Drug Ministry moves to cancel license of Coretox and Meditoxin 200 unit for illegally trading in China
After most of its Meditoxin units were stripped of its sales licenses, Medytox is at risk of losing two more of its products’ licenses as the Ministry of Food and Drug Safety moves to penalize their illegal sales in China.
On Monday evening, the ministry issued an announcement that it has determined the 50, 100, 150 and 200 units of Meditoxin and Coretox violated the Pharmaceutical Act by trading overseas without the agency‘s permission to leave the country.
Meditoxin 50, 100 and 150 units had already been revoked of its licenses in Korea on June 25 for erroneous paperwork that violated ministry rules.
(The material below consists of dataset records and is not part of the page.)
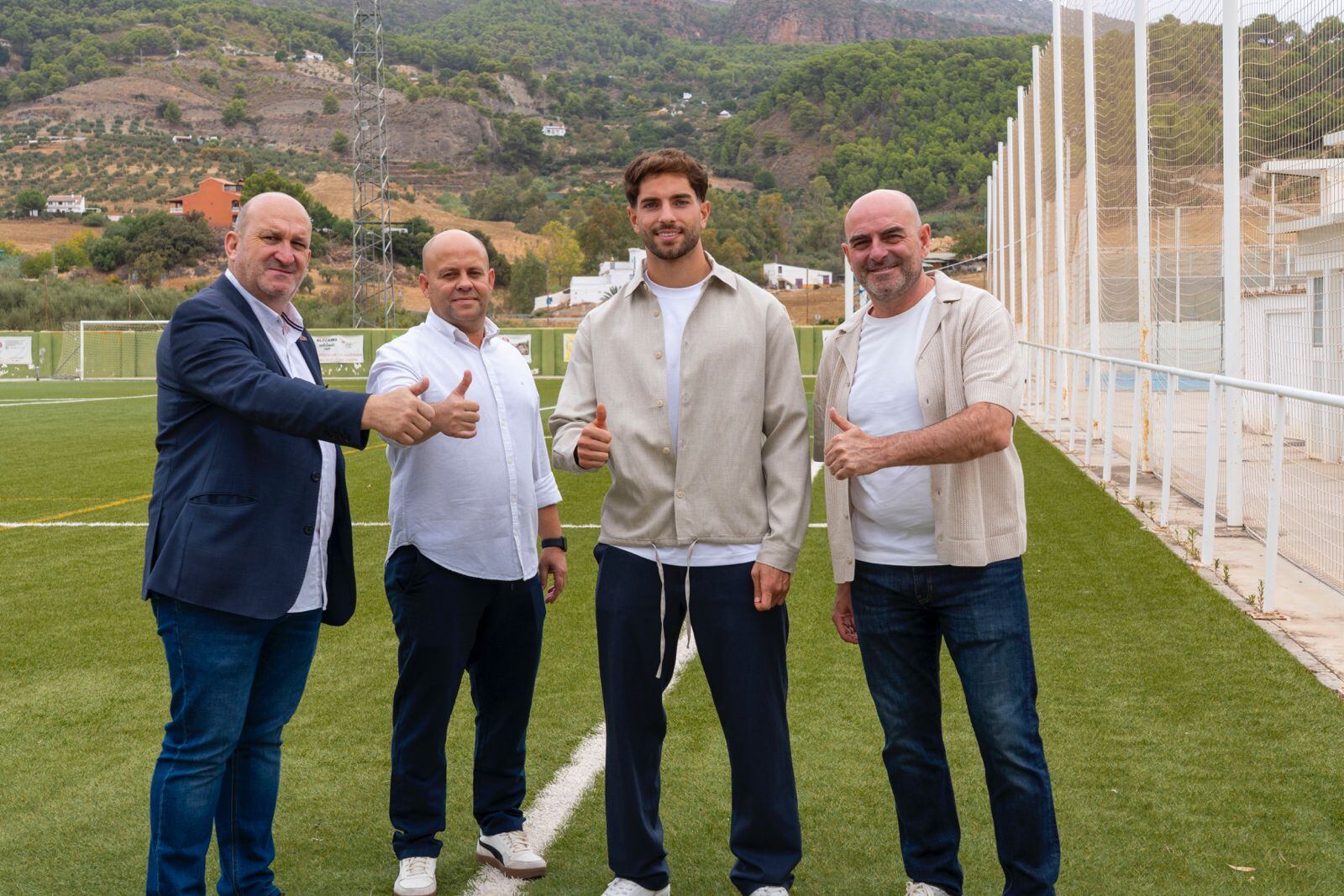 Un momento de la visita del jugador Javi con parte de la representación del Ayuntamiento de Alozaina (Málaga) en el propio campo de fútbol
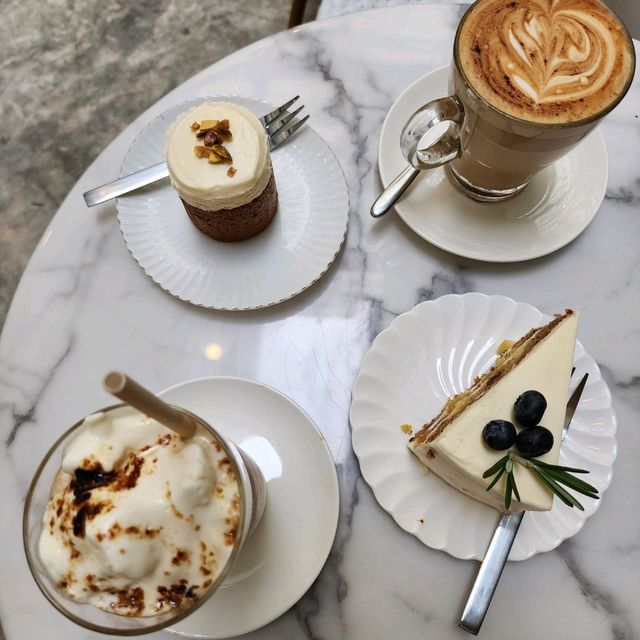 【バンコク】毎日が誕生日！Unbirthday Cafe🍰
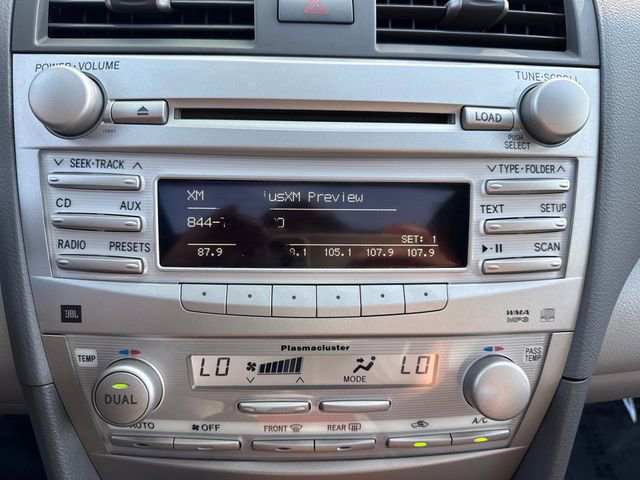 Used 2011 Toyota Camry XLE w/ XLE Extra-Value Pkg #2 FWD image 16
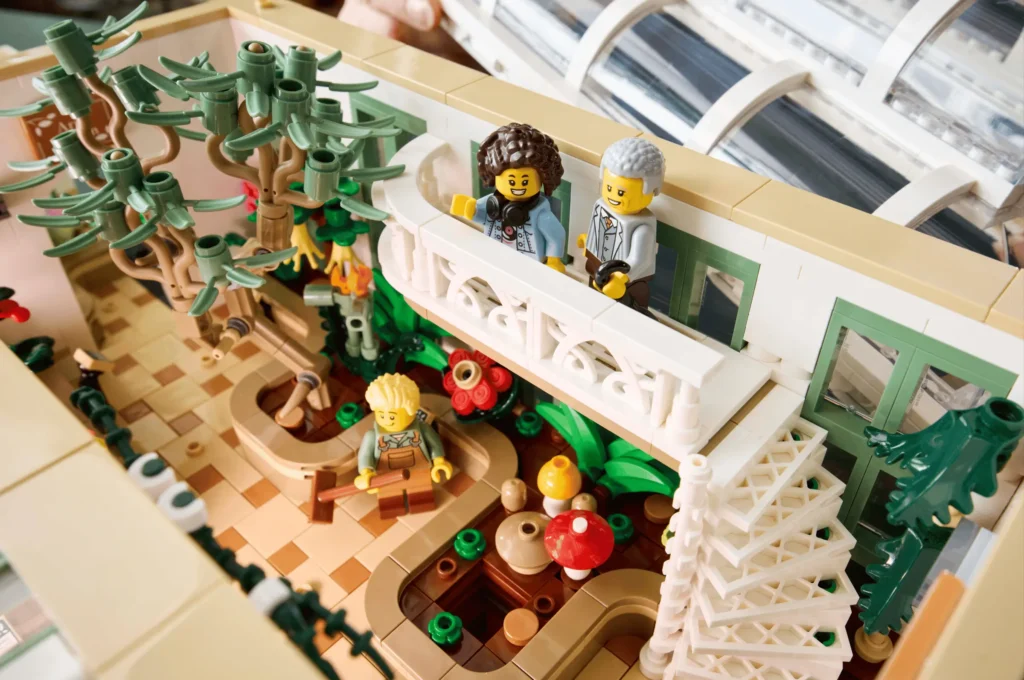 Винтовая лестница в LEGO Ideas 21353 «Ботанический сад»
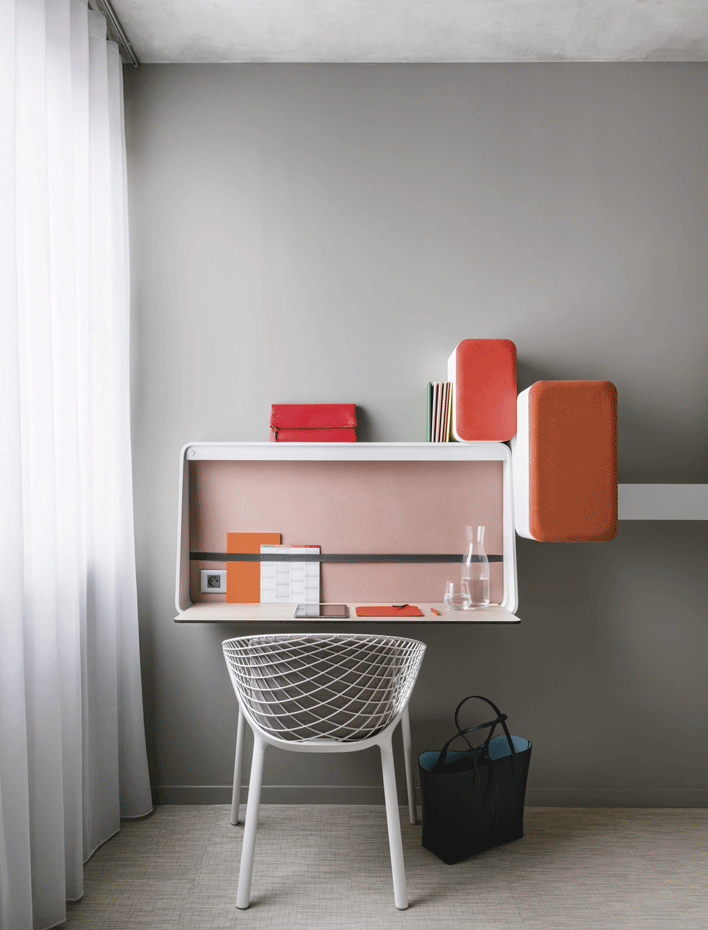 MD OKKO HOTELS BAYONNE-(24). Sobre el escritorio, descansan dos estantes forrados en colores cálidos que aportan confort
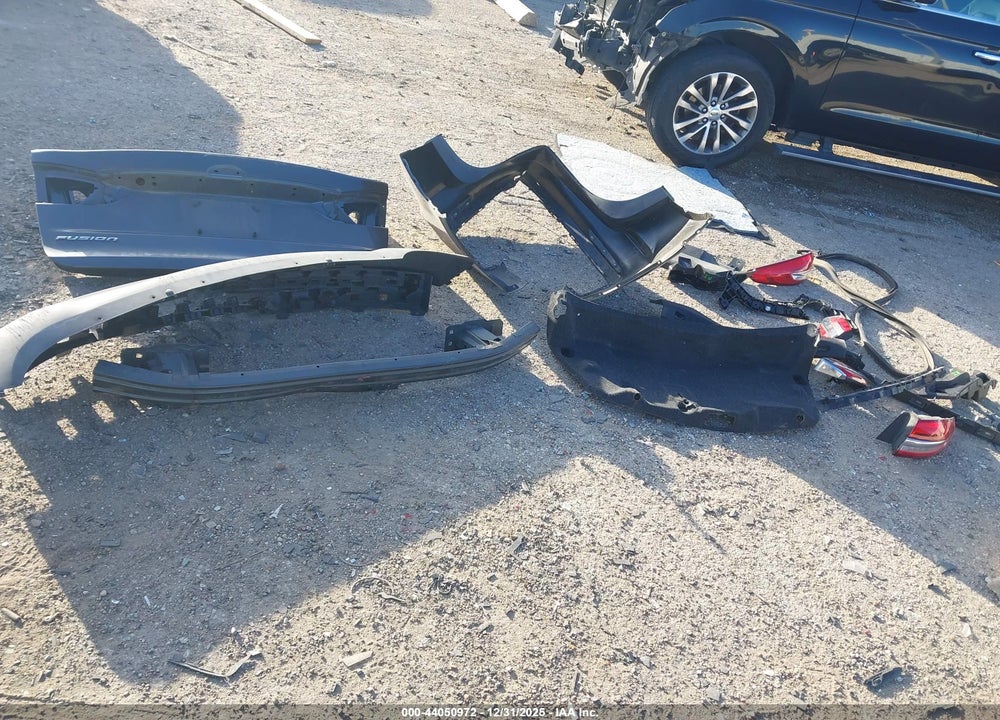 2019 FORD FUSION S VIN: 3FA6P0G7XKR132250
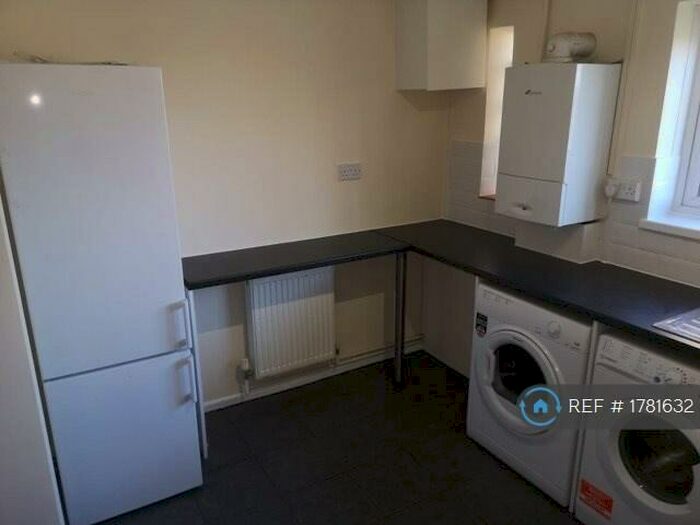 3 Bedroom Flat To Rent In Acacia Avenue, Colchester, CO4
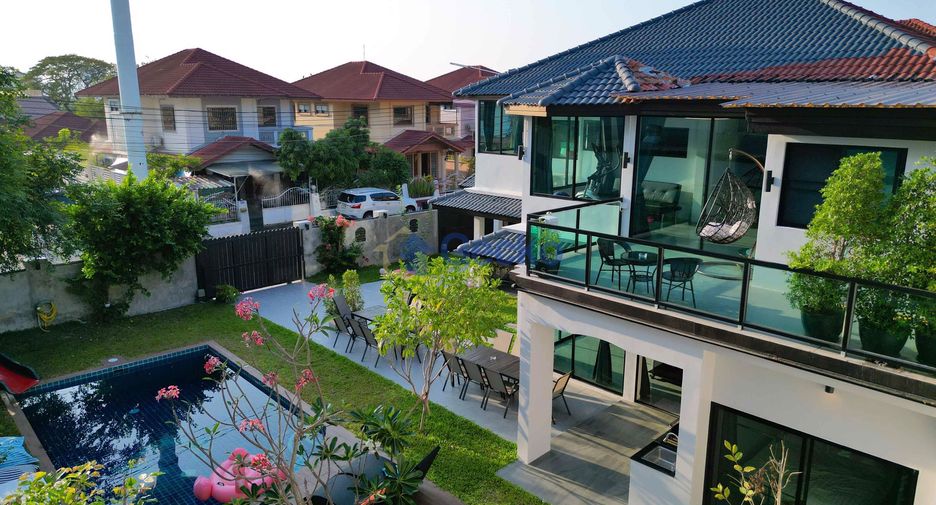 Casa en alquiler y en venta de 7 habitaciones en Bang Lamung, Chonburi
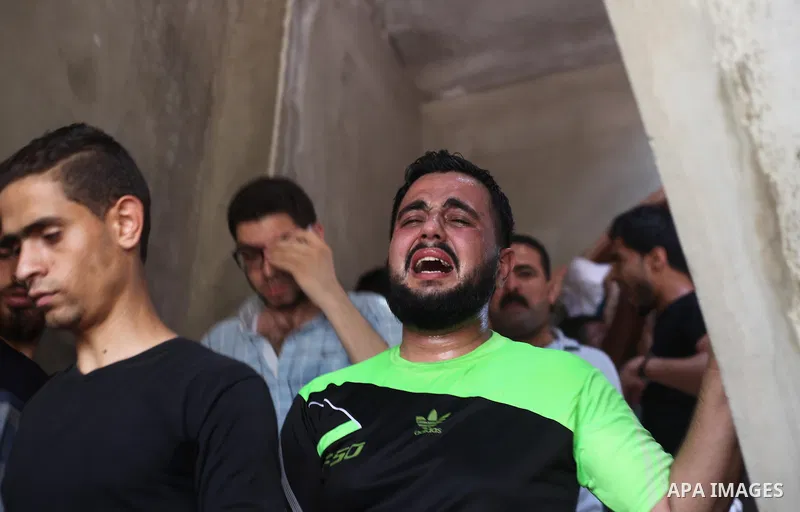 Relatives of Palestinian Mohammed Radwan, who was shot by Israeli forces during clashes at the Israel-Gaza border, mourn during his funeral, in Gaza city on July 21, 2018. Photo by Mahmoud Ajour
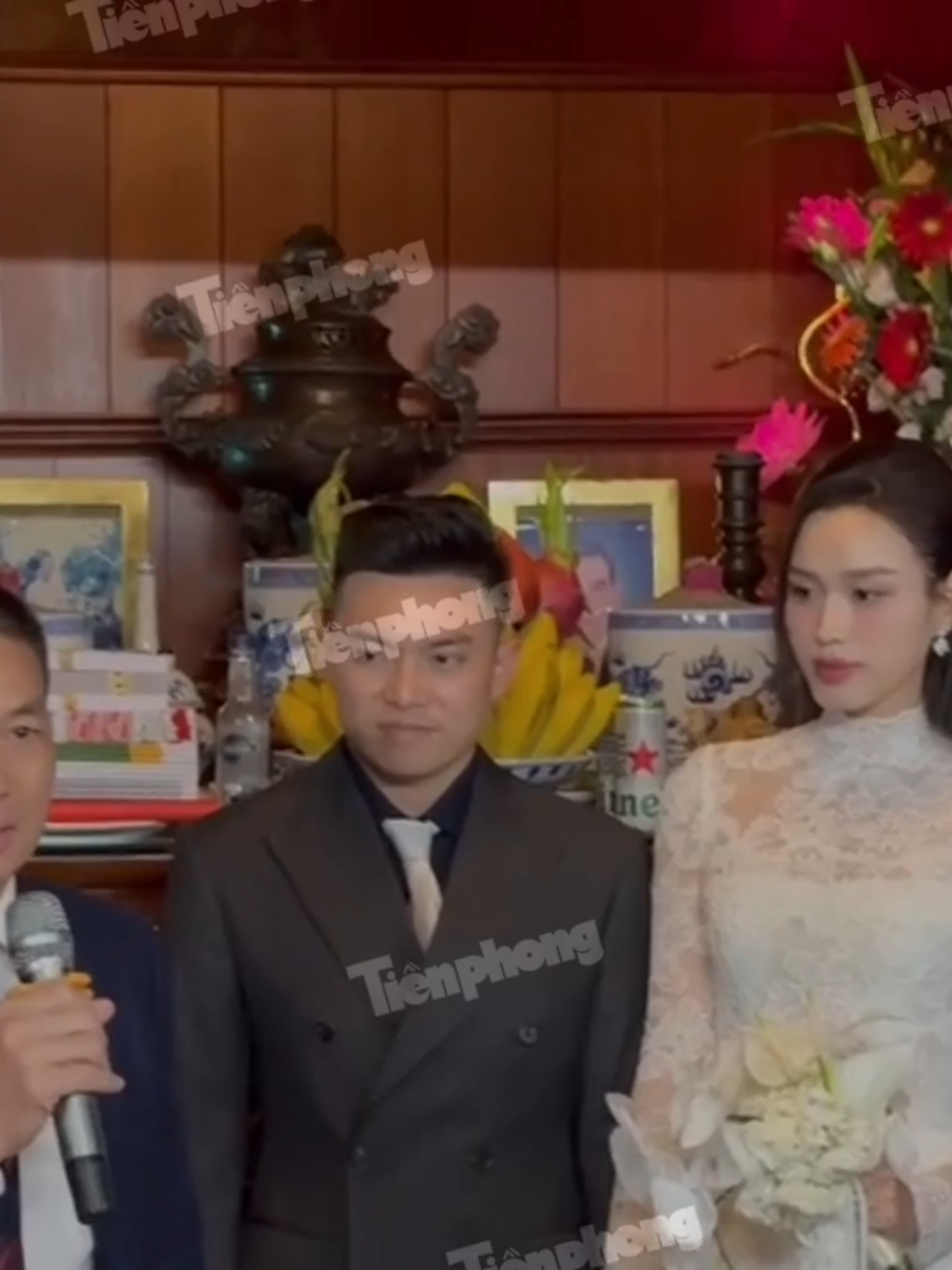 Khoảnh khắc doanh nhân Viết Vương hôn Hoa hậu Đỗ Thị Hà TPO - Khoảng hơn 8h sáng 22/10 , cô dâu Đỗ Thị Hà theo chú rể Viết Vương lên xe hoa về Quảng Trị. Hai người làm lễ gia tiên ở nhà chú rể, nghe phụ huynh hai bên phát biểu, dặn dò. #tienphong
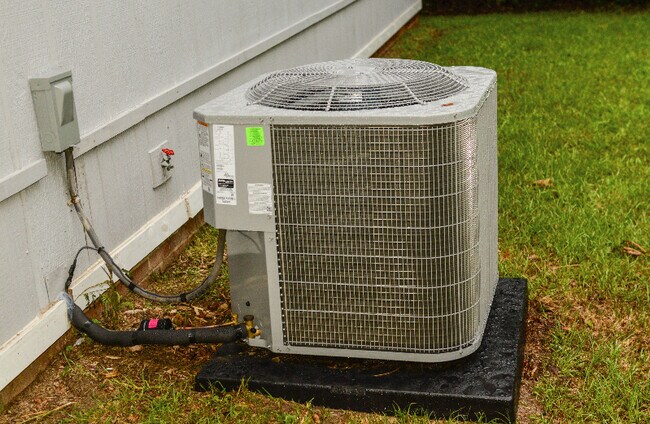 Building Photo - 7117 Tollhouse Dr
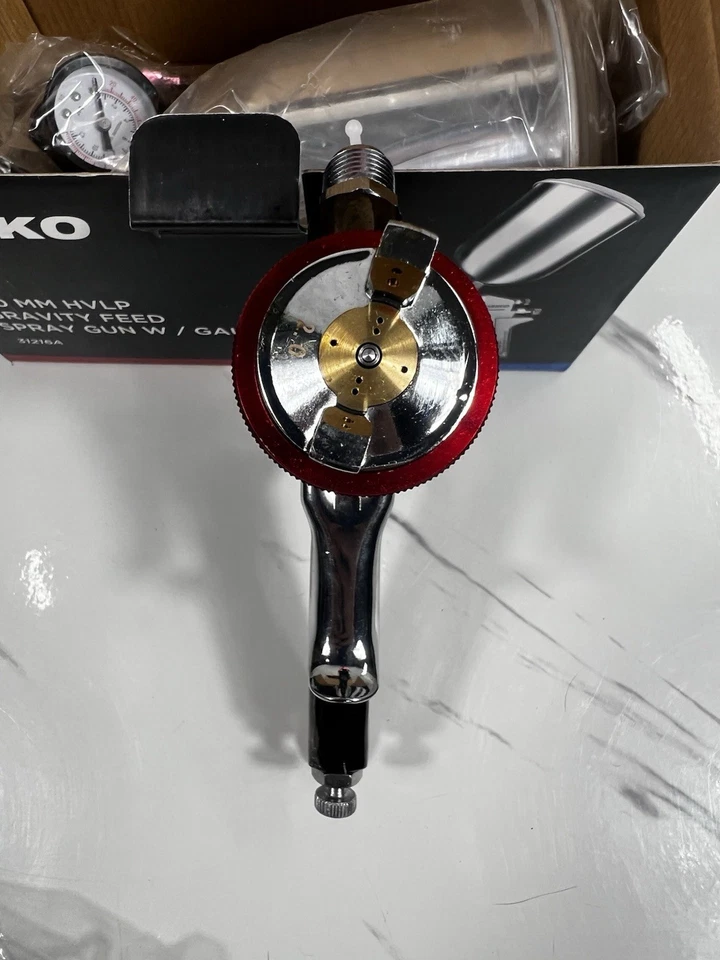Pistola de pintura en aerosol de aire Neiko 31216A HVLP alimentación por gravedad boquilla de 2,0 mm tapa 600 CC NUEVA Foto 3 de 4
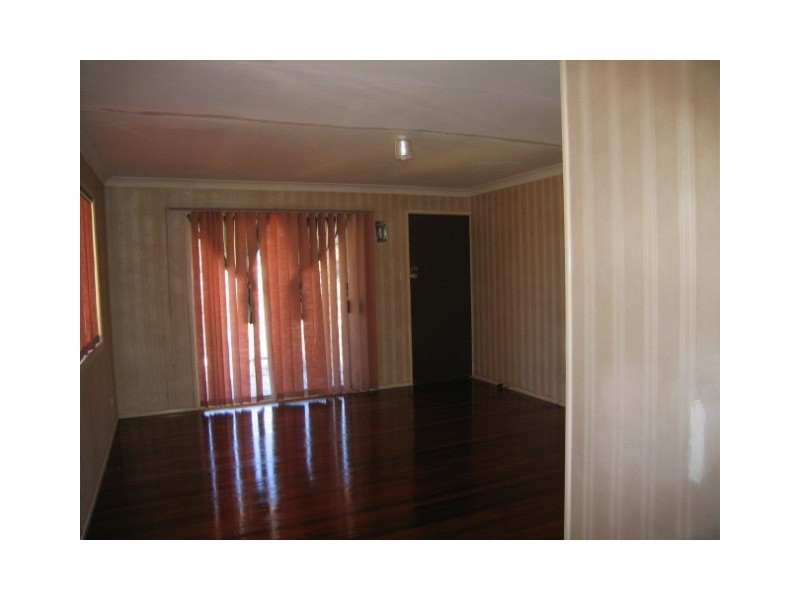 293 Third Avenue, Kingston QLD 4114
After losing the cash cow products, Medytox’s remaining life lines were Meditoxin 200 unit, Coretox and Innotox. Now the company faces being thrown into even more treacherous business conditions.
Following the ministry‘s announcement on Monday, Medytox refuted the government agency’s order to recall all botulinum toxin products traded in China via unauthorized channels.
The Korean BTX maker claims that the ministry’s order is invalid, as “precedents from the Supreme Court have exempted pharmaceutical goods manufactured for export purpose from Pharmaceutical Act.”
The Ministry of Food and Drug Safety is adamant that the Pharmaceutical Act applies in this case as the Medytox products were never approved by the China Food and Drug Administration.
The points that the ministry found faults with are that the products did not gain the necessary approvals to leave the country; failed to include Korean descriptions on its packaging, which is normally required; and the company contracted an unauthorized seller.
The state agency has initiated steps to revoke licenses for products that have bent the rules and has ordered a tentative cessation of their manufacturing and sales. Medical professionals were advised to refrain from using the products.
Medytox said it will take the matter to a local court to nullify the ministry‘s order.
The case of Medytox’s unlawful sales in China came to the surface when local media outlet Dong-a Ilbo published an exclusive report on Oct. 7 about the company‘s legal brawl with a distributor who apparently had failed to pay for goods.
Medytox had sued a distributor at Seoul Seongdong Police Station seeking a compensation of 10.5 billion won ($9.1 million). The distributor countersued Medytox for neglecting to forewarn the risks of trading medical products that have not been approved by the Chinese drug authorities, which had cost it as Chinese retailers belatedly refused to pay.
Medytox’s friction with the distributor has directed a spotlight onto the company’s history of botulinum toxin sales in China, which had reportedly been ongoing for at least four years since 2016.
The China Food and Drug Administration currently acknowledges only two BTX goods in its administrative regions -- Allergan’s Botox and Lanzhou Institute of Biological Products’ Hengli -- which makes the country a vast, untapped market for botulinum toxin makers.
As of September, Meditoxin was approved in 33 countries, but not China. The fastest Korean botulinum toxin to penetrate the Chinese aesthetic BTX market is anticipated to be Hugel’s Botulax, as it awaits imminent sales approval from the CFDA.
Regardless of the absence of any approved Korean BTX product in China, Korea Customs Service data from July indicated that in the second quarter of 2020, Korean toxin products headed to China made a 51.7 percent on-year increase, reaching $39.7 million.
A KCS official explained to The Korea Herald that the toxins category comprises of diverse toxins other than the botulinum toxin.
“We cannot say that the figure entirely represents botulinum toxin,“ the official said.
September is the peak season for toxin products, and the buoyed sales in China will only continue to increase, Hana Financial Group’s analyst Sun Min-jeong wrote in her equity report dated Oct. 15. Analyst Sun wrote that she anticipates a full-fledged botulinum toxin export jump in China during the fourth quarter.